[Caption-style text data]
===
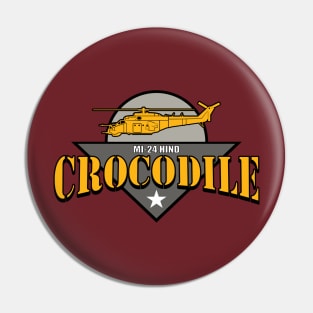 MI-24 Hind Crocodile Pin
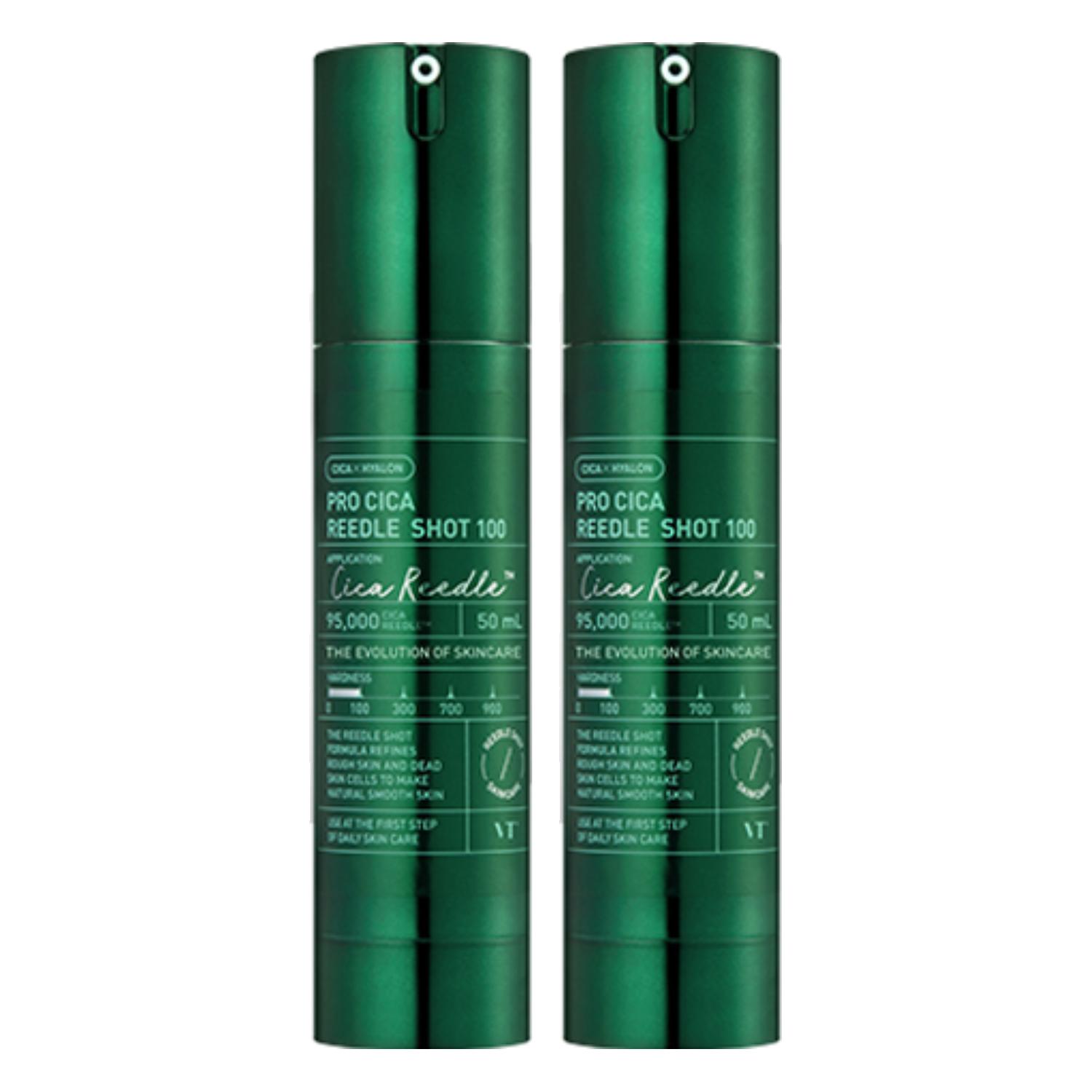 

VT COSMETICS CICA REEDLE 100 Shot Уход за кожей, 7 вариантов (50мл) – Витамин С, Ретинол, Гиалуроновая кислота, Коллаген, Черный трюфель, Корейский Pro Cica (x2)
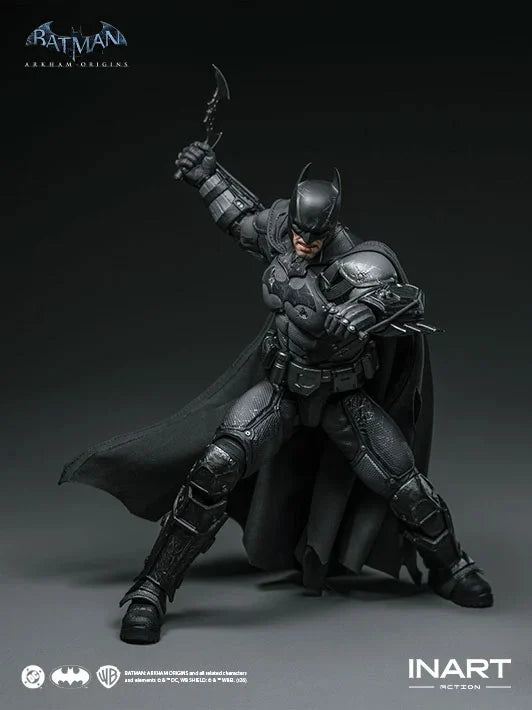 Pre-Order: Batman: Arkham Origins INART Batman (Battle Damaged Ver.) 1/12 Scale Action Figure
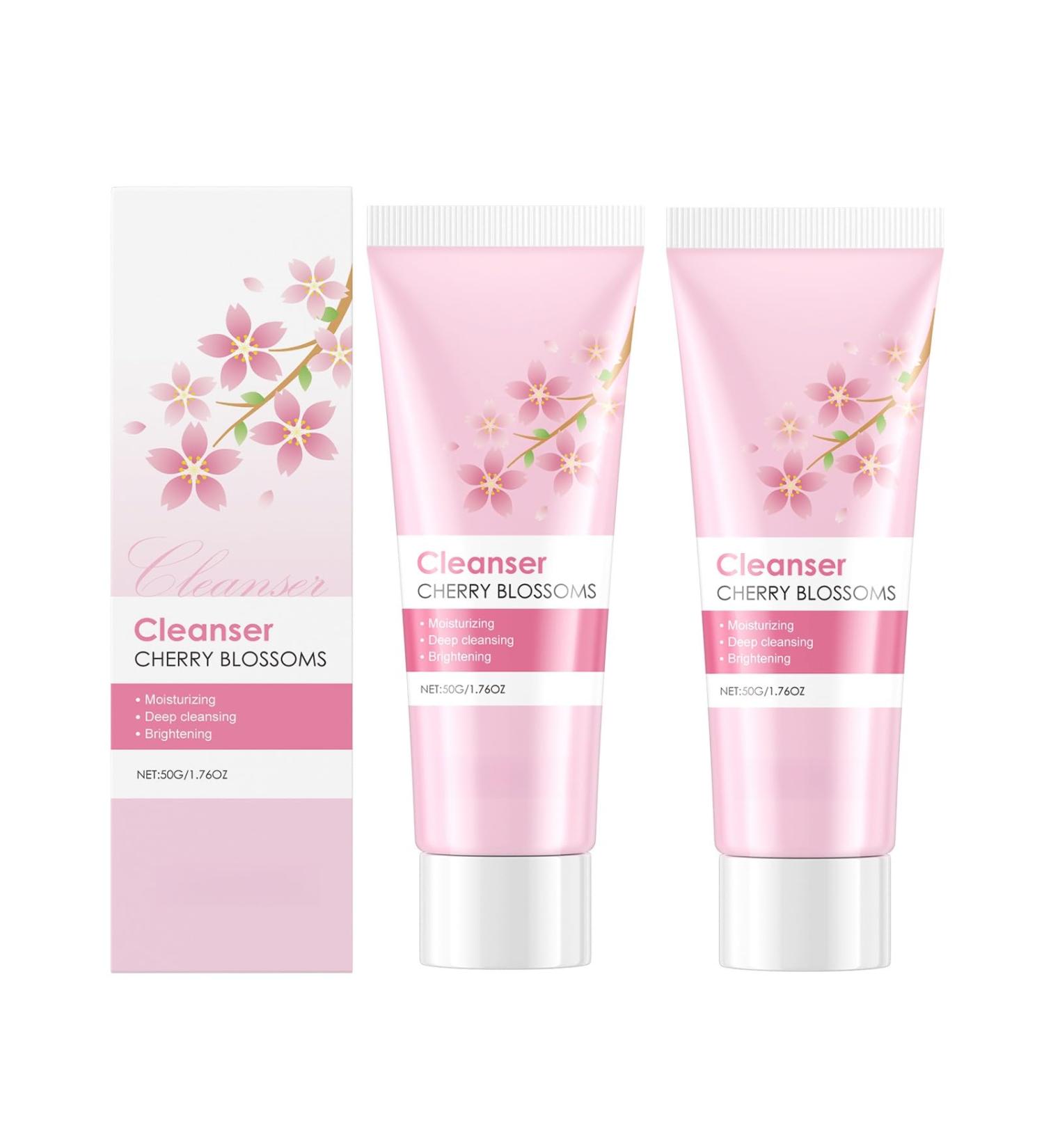 FFEEJ Cherry Blossom Facial Cleanser Moisturizing & Hydrating Face Wash Gentle Cleansing For Soft Skin Oil Control & Pore Purifying - Buy Online on GoSupps.com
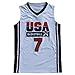 No.7 Bird Jersey Basketball Jersey Sports Embroidery Men's Jersey S-XXL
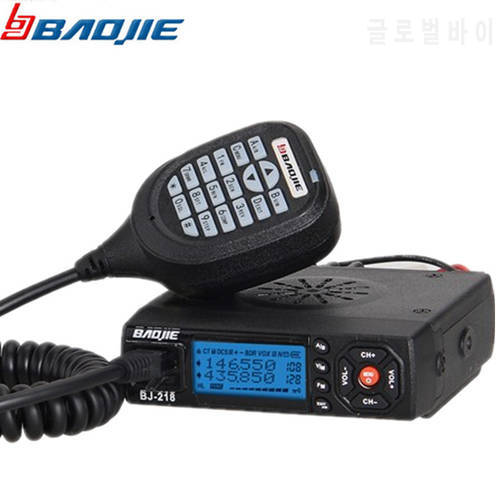 Baojie BJ-218 Car Mini Mobile Radio Transceiver 25W VHF/UHF BJ 218 Vericle Car base Radio Sister KT8900 KT-8900R UV-25HX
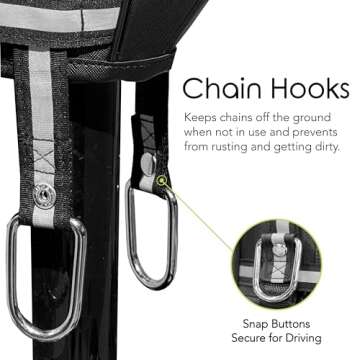 Clever Cover for Smart Jack by Trailersphere Custom Electric Tongue Jack Cover for Trailer, RV, Camper, Chains Holder, Plug Protector, Sun and Waterproof (Smart Jack Cover)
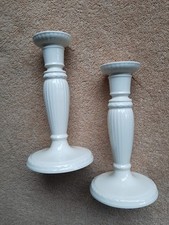 Wedgwood Edme (off white) Candlesticks X2 Multiples Available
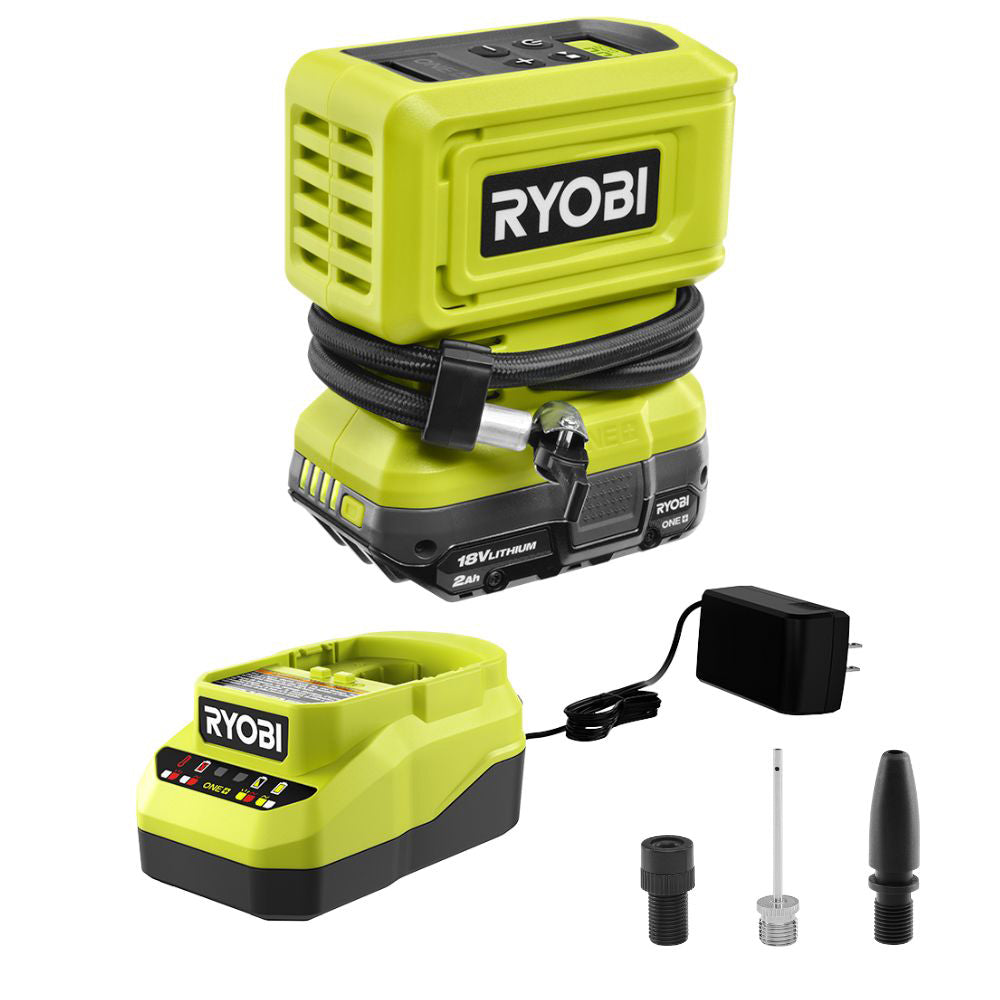 18V ONE+ HIGH PRESSURE DIGITAL INFLATOR KIT | RYOBI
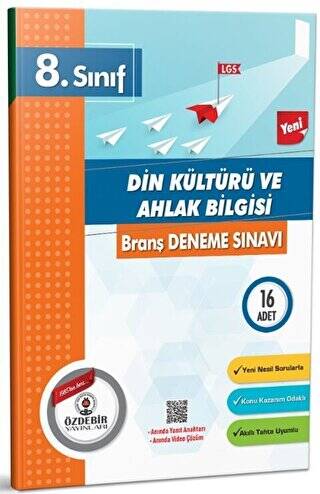 8. Sınıf Din Kültürü ve Ahlak Bilgisi Branş Deneme Sınavı - 1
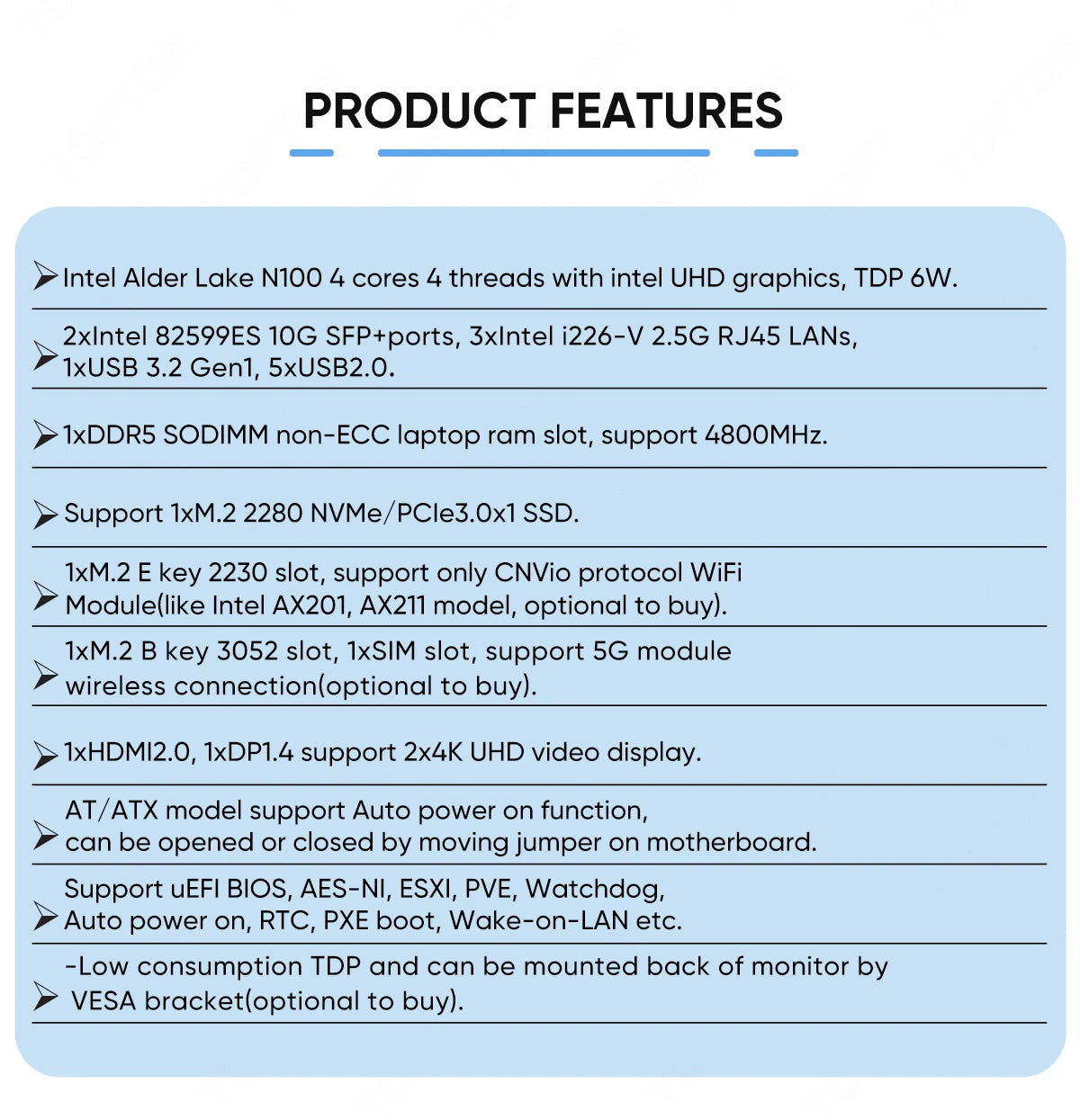 Topton Metal VPN 2x 10G SFP+ Firewall Mini PC 3x 2.5G NICs i226-V Intel i3 N305 N300 N150 DDR5 NVMe Proxmox OpenWrt Home Server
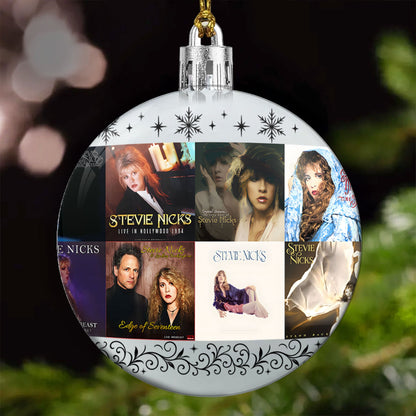 Stevie Nicks Ball Ornament – A Bohemian Tribute to the Queen of Mystical Rock
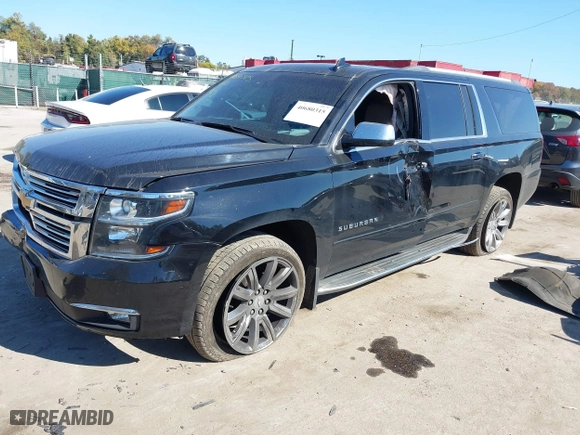 2017 Chevrolet Suburban Premier with VIN 1GNSKJKC7HR281583, listed as a IAAI auction lot 40680315 with 69,192 mi miles. Bid and sale history available at carsss.com. Image 2.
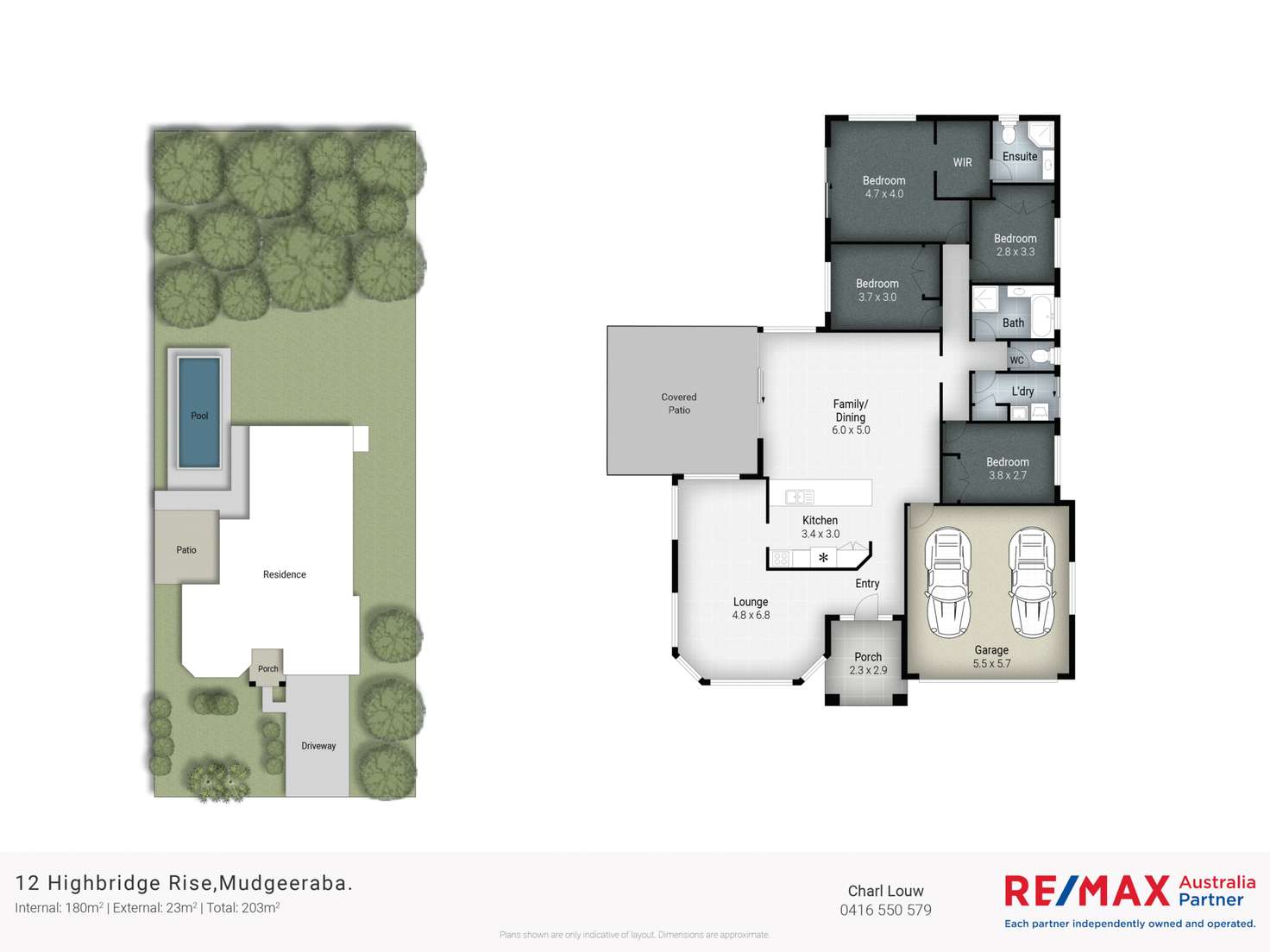 Floorplan of Homely house listing, 12 Highbridge Rise, Mudgeeraba QLD 4213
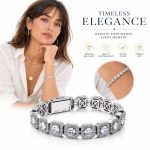 Iced Out Zircon Cuban Chain Bracelet - Luxury Hip Hop Geometric Bling Bracelet Men's Fine Jewelry - Image 3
===
**Exercise**: The line containing "Wedgwood Edme (off" marks where the copy ends; print every line before it from the start of the records, and that line too, but no pictures.

**Answer to the exercise**:
 MI-24 Hind Crocodile Pin

VT COSMETICS CICA REEDLE 100 Shot Уход за кожей, 7 вариантов (50мл) – Витамин С, Ретинол, Гиалуроновая кислота, Коллаген, Черный трюфель, Корейский Pro Cica (x2)
 Pre-Order: Batman: Arkham Origins INART Batman (Battle Damaged Ver.) 1/12 Scale Action Figure
 FFEEJ Cherry Blossom Facial Cleanser Moisturizing & Hydrating Face Wash Gentle Cleansing For Soft Skin Oil Control & Pore Purifying - Buy Online on GoSupps.com
 No.7 Bird Jersey Basketball Jersey Sports Embroidery Men's Jersey S-XXL
 Baojie BJ-218 Car Mini Mobile Radio Transceiver 25W VHF/UHF BJ 218 Vericle Car base Radio Sister KT8900 KT-8900R UV-25HX
 Clever Cover for Smart Jack by Trailersphere Custom Electric Tongue Jack Cover for Trailer, RV, Camper, Chains Holder, Plug Protector, Sun and Waterproof (Smart Jack Cover)
 Wedgwood Edme (off white) Candlesticks X2 Multiples Available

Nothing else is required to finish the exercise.